The first phase of the Fig Project’s environmental review, the Notice of Preparation and Initial Study, was released in July 2016. The project originally proposed a 21-story hotel as one of the components, while calling for the complete removal of all the historic fourplexes in the project area, which is nearly half of the Flower Drive California Register Historic District.
The developer and project team reached out to advocates and held early meetings in 2017 to get community input and discuss possible preservation alternatives for inclusion in the draft environmental impact report (EIR). Given that two thirds of the project site is surface parking and the remaining third contains eight structures that are part of the historic district, one of the potential alternatives suggested by advocates was the need for a preservation alternative that could retain the historic structures through a reorganized site plan of the proposed components.
However, when the draft environmental impact report was released in October 2017, the 21-story hotel tower had been scaled down to seven stories and no alternative pairing high density new construction with the retention of the historic fourplexes on the site was evaluated for consideration.
The full preservation alternative, which was identified as the environmentally superior alternative, contained low-scale new construction and was deemed infeasible for not meeting some of the projective objectives or quantities of units envisioned by the proposed project.

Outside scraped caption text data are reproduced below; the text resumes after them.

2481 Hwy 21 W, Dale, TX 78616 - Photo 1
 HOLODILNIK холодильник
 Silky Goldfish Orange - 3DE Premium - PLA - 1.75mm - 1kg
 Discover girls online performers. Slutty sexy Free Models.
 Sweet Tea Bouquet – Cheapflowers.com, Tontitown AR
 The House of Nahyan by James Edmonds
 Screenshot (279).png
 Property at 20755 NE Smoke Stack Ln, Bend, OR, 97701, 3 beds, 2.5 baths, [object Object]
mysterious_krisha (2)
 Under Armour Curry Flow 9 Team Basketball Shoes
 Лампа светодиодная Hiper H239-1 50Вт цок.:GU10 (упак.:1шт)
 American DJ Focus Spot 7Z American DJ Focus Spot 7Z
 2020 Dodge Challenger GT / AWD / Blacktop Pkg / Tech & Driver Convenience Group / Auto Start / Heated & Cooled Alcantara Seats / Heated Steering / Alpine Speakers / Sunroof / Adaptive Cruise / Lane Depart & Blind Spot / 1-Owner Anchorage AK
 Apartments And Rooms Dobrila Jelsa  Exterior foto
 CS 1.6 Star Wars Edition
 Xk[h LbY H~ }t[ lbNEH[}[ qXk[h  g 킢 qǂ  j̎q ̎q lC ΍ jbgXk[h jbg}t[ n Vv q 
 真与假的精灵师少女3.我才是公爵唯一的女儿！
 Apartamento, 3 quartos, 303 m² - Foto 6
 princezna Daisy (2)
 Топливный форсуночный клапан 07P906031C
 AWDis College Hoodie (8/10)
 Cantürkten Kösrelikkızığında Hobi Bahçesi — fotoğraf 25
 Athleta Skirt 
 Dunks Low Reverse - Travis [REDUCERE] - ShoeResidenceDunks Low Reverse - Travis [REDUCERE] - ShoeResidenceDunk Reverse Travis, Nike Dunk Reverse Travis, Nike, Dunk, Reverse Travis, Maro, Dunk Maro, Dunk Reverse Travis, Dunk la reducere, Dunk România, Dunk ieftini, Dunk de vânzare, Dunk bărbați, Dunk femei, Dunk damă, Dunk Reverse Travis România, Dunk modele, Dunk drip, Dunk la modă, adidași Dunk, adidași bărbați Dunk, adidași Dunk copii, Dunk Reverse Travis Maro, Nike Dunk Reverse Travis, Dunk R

The location of the project also falls within the jurisdiction of the Exposition Park/University Park Redevelopment Plan and Southeast Los Angeles Community Plan areas, which both provide goals that encourage the protection and reuse of historic properties. Yet the EIR concluded that the project was still in compliance with these plans despite calling for the complete demolition of the historic structures, as it met numerous other goals outlined in them.
A further concern among the community has been the loss of affordable housing units in these historic structures and the displacement that will bring to a tight-knit community of residents in these Flower Drive fourplexes that has evolved over the past several decades.
• With the Fig Project located in both the Exposition Park/University Park Redevelopment Plan and Southeast Los Angeles Community Plan areas, which both provide goals that encourage the protection and reuse of historic properties, we are disappointed that a greater priority has not been placed on retaining and adapting the historic buildings of the Flower Drive California Register Historic District.
• The Conservancy has previously commented on both the project’s NOP and Draft EIR and has consistently raised concerns about this project, which calls for the demolition of nearly half of the Historic District.
• Despite our pressing for meaningful consideration of potentially feasible preservation alternatives to demolition, we believe the EIR has not adequately addressed this fundamental concern and requirement of CEQA.
• We disagree that Alternative 2 is considered to be infeasible because it fails to achieve two projects objectives. Even with these uses deleted, Alternative 2 is able to meet the majority of the seven project objectives.
• We are also disappointed that a higher density alternative that may have been able to reduce impacts and meet additional project objectives was prematurely dismissed from consideration in the EIR, when elsewhere the EIR states that the City supports redevelopment of the Project Site with high density uses and has utilized various planning tools to maximize developable area on the site.
• The Conservancy, along with local neighborhood advocates, believes a win-win opportunity combining new construction with the adaptive reuse of the historic structures on the site could easily have been achieved. We do not support the project as proposed.